__Aim of the task__: In the data below, which lines hold the word "Wien"? Copy them.

Segment Start: Data shown

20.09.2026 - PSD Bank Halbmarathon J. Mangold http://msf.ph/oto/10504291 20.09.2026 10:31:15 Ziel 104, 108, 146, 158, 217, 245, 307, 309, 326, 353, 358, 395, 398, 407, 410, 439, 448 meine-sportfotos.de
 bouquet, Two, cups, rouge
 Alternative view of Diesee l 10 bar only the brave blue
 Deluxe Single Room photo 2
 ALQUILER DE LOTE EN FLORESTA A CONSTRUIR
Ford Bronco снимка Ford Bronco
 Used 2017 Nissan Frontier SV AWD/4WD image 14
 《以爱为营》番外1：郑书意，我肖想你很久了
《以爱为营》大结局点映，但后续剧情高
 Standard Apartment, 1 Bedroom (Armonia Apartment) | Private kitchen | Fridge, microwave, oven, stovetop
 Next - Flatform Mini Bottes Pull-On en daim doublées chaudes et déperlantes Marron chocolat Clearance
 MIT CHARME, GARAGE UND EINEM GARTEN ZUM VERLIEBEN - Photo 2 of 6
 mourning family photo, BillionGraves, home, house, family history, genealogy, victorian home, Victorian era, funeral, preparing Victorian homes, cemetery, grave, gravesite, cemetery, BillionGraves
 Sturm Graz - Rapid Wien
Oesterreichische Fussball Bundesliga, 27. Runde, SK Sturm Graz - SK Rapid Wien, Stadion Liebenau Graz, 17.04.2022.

Segment End: Data shown

__Response to this task__:
 Sturm Graz - Rapid Wien
Oesterreichische Fussball Bundesliga, 27. Runde, SK Sturm Graz - SK Rapid Wien, Stadion Liebenau Graz, 17.04.2022.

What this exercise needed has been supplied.